Paradies? Hängematte? Es geht lediglich darum, das Existenzminimum vorbehaltlos zu gewähren. Das scheinen die »FAZkes« nicht begreifen zu wollen. Sie schwingen vor ihren vermeintlich klugen Leserköpfen lieber die Klischee-Keule. Das Grundeinkommen zerstöre den Leistungsgedanken und den Wettbewerb, beklagt das »GeFAZzel«.

Von Wegen. Es zerstört etwas Anderes: Die fest gefahrene Vorstellung, Leistung könne nur unter Druck und Zwang abgepresst werden. Dabei stimmt das Gegenteil: Freiwillig erbracht kommt sie erst richtig zur Geltung. Frei getan ist gern und gut getan. Pate dafür stehen nicht nur die »kruden Sozialexperimente« mit dem Grundeinkommen in Namibia, Brasilien und mehreren Einzelpersonen hierzulande, sondern auch die Masse der unentgeltlich geleisteten Tätigkeiten in Familien, Freundeskreisen, Nachbarschaften und Ehrenämtern. Hier befindet sich die wahre, nicht wahr genommene Schattenwirtschaft, ohne welche die Gesellschaft nicht existieren könnte. Doch wie heißt es so schön? Die im Schatten sieht man nicht. Schon gar nicht, wenn die Scheuklappen des Leistungs-(zwangs)-prinzips die freie Sicht behindern.

Zum Ende hin stellen die »FAZler« wenigstens fest, dass es in den Sozialsystemen der Industrieländer vieles zu verbessern gäbe, weil das Geld oft nicht da ankomme, wo es am dringendsten benötigt würde.
Ach was, sagt bloß …!
Wo landet das liebe Geld denn? In Armutsindustrien, aufgeblähten Bürokratien und wenigen, bereits überfüllten Taschen.

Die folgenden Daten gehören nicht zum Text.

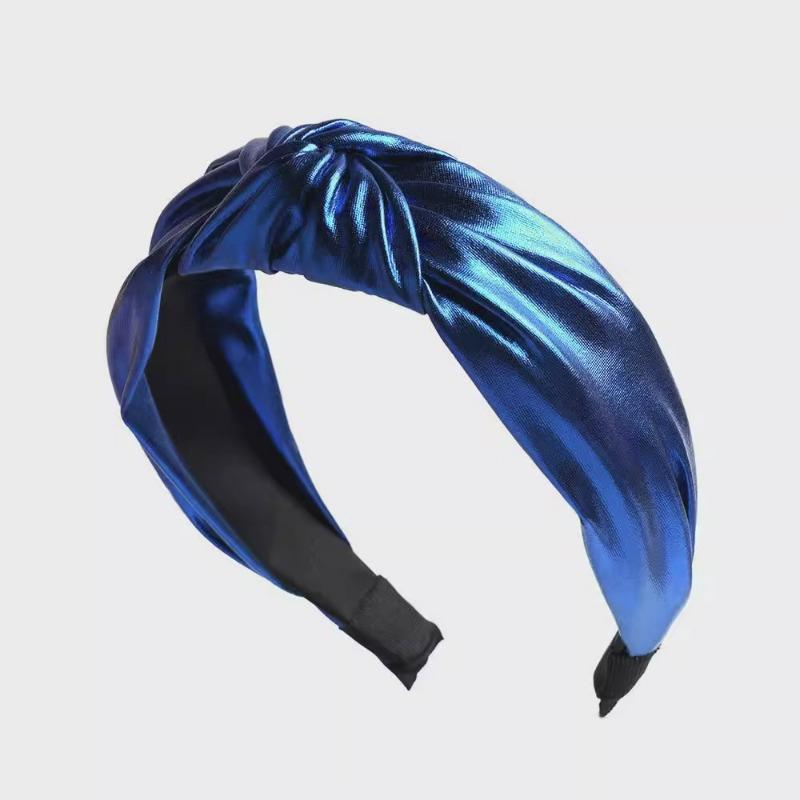 

Зав язана пов язка для волосся з ПУ шкіри, широка, кліпса для волосся з обличчя, модна та елегантна пов язка, аксесуар для волосся темно-синього кольору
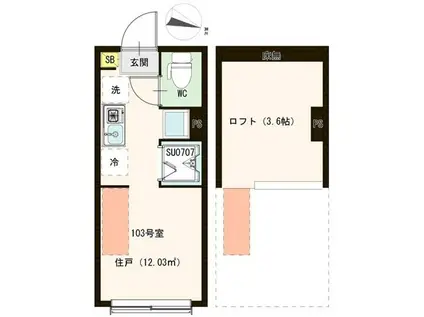 ソラニア上井草(ワンルーム/1階)の間取り写真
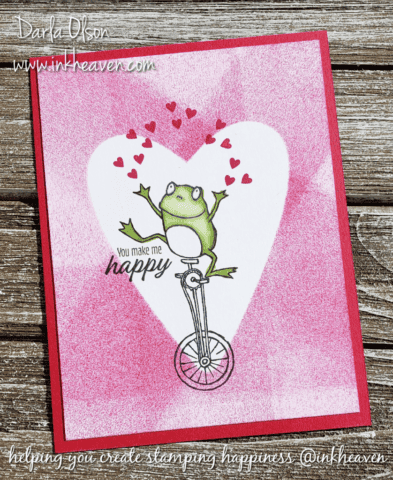 Happy Valentine's Day from Darla @inkheaven! You make me happy card with masking technique!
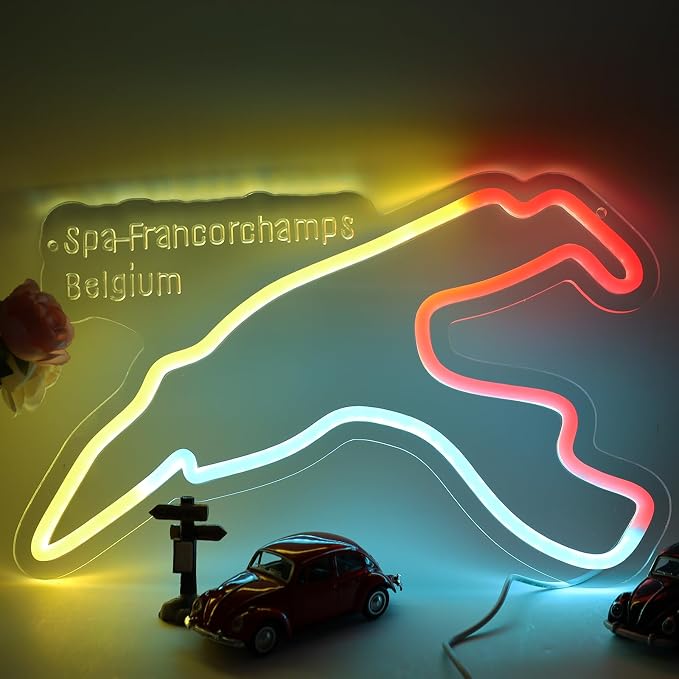 Spa-Francorchamps Neon Sign - Formula 1 Racing Decor | USB LED Sign, Easy Hanging Kit, Vibrant Wall Decor, Gaming Rooms & Garage, Motorsport-Themed Bars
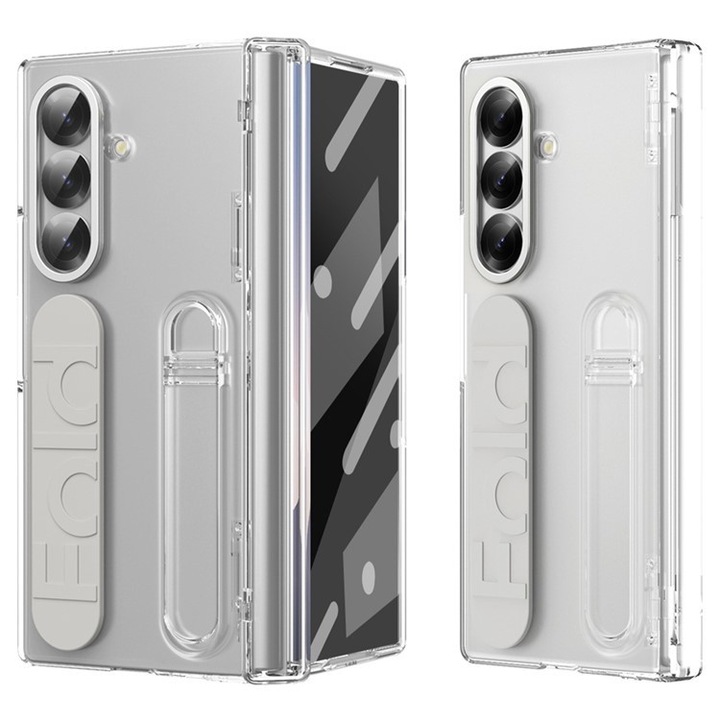 Etui transparent cu manere si suport pentru Samsung Galaxy Z Fold7, protectie din PC, sticla securizata, 5G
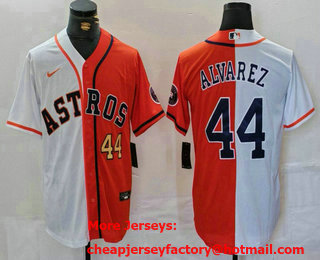 Men's Houston Astros #44 Yordan Alvarez Number White Orange Split Stitched Baseball Jersey 01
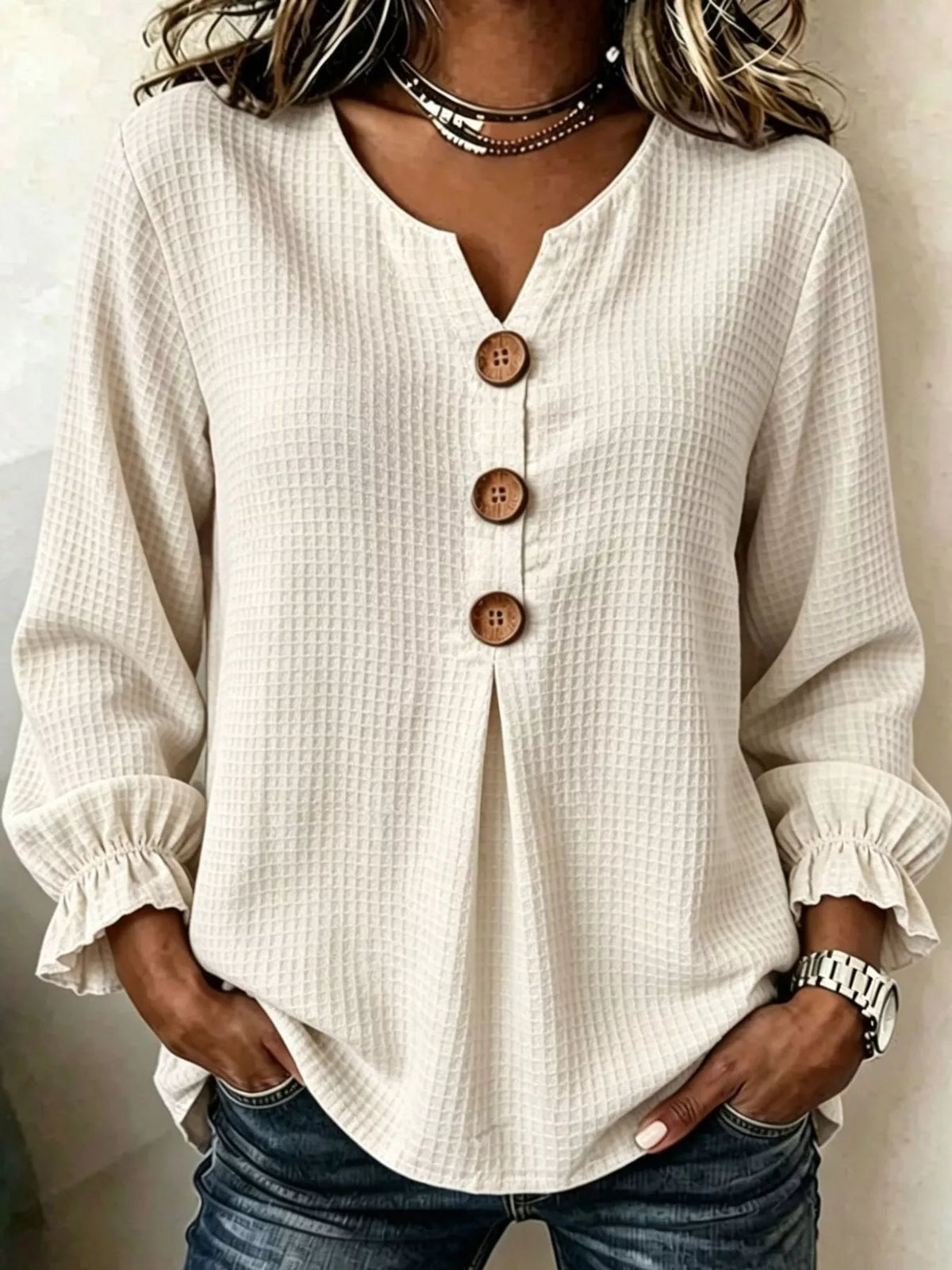 full size waffle knit flounce sleeve blouse plus | dropsona - neutral - packaging
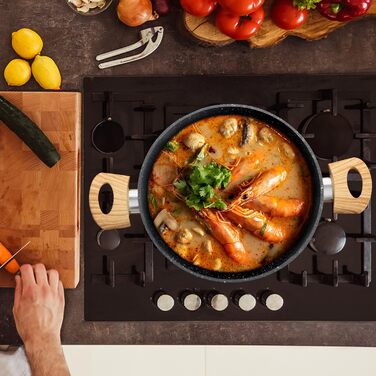 Набір посуду MAISON ARTS 12 предметів: каструлі та сковорідки з антипригарним покриттям, гранітне покриття, для індукційних плит та плиток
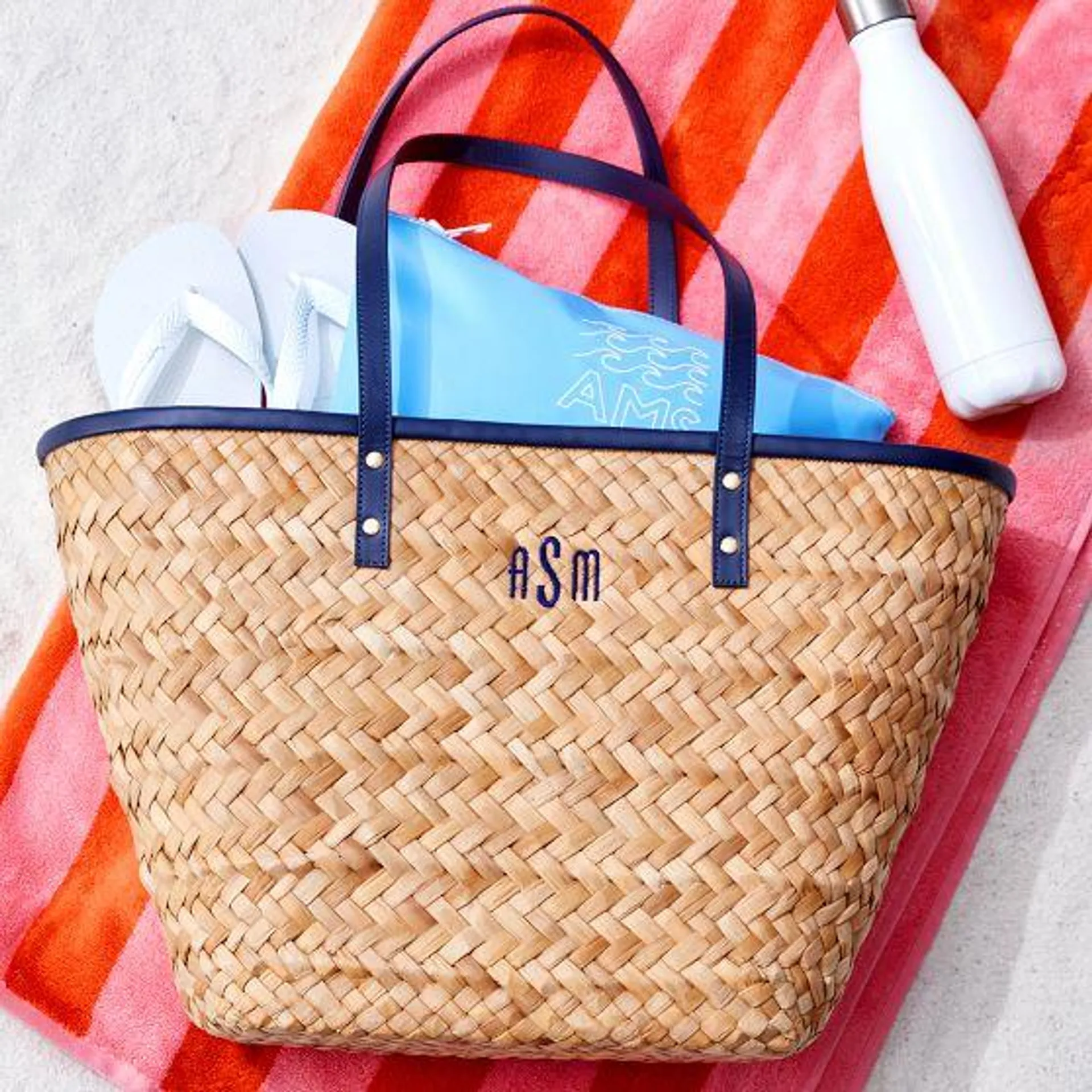 Striped Palm Leaf Tote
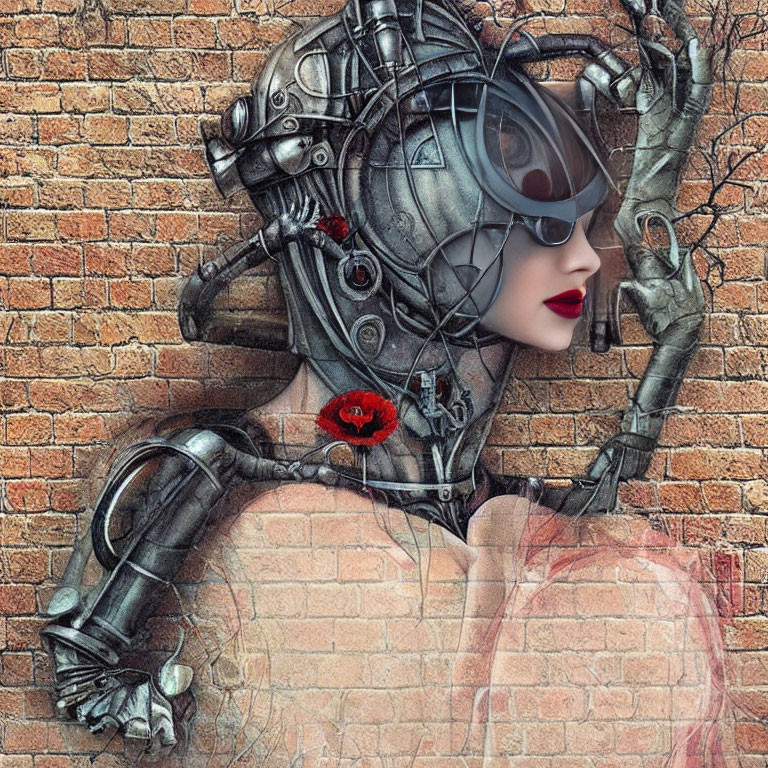 Detailed futuristic robotic woman merged with brick wall, entwined by vines, holding red poppy.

Angesichts dieser Situation ist das Grundeinkommen vielleicht doch keine bloße Utopie, der zahlreiche »Jünger« nachjagen, sondern eine zukunftstaugliche Option, um ein längst notwendiges Umdenken, Umsteuern und Umverteilen in der Gesellschaft in die Wege zu leiten. Wie schnell im Falle einer schweren Krise auch auf politischen Führungsebenen in diese Richtung gedacht wird, zeigte sich während des Finanzcrashs 2008. Damals regte die heutige Arbeits- und Sozialministerin Andrea Nahles (SPD) kurzzeitig an, Konsumgutscheine von 400 Euro unter der Bevölkerung zu verteilen, um die Nachfrage anzukurbeln. Weil der Einbruch nicht länger anhielt, war der Vorschlag schnell vom Tisch. Inzwischen kursieren bei der Europäischen Zentralbank (EZB) ähnliche Überlegungen: »Helikoptergeld« soll die schleifende europäische Konjunktur beleben. Peu a peu lenkt der wirtschaftliche Druck die Gedanken Richtung Grundeinkommen. Die Bedingungslosigkeit wirkt dabei wie der geringste Störfaktor.

Harald Schauff ist verantwortlicher Redakteur der Kölner Arbeits-Obdachlosen Selbsthilfe-Mitmachzeitung »Querkopf«, die für 1,50 Euro auf der Straße verkauft wird. Diesen Artikel hat er in der aktuellen Ausgabe des »Querkopf« veröffentlicht.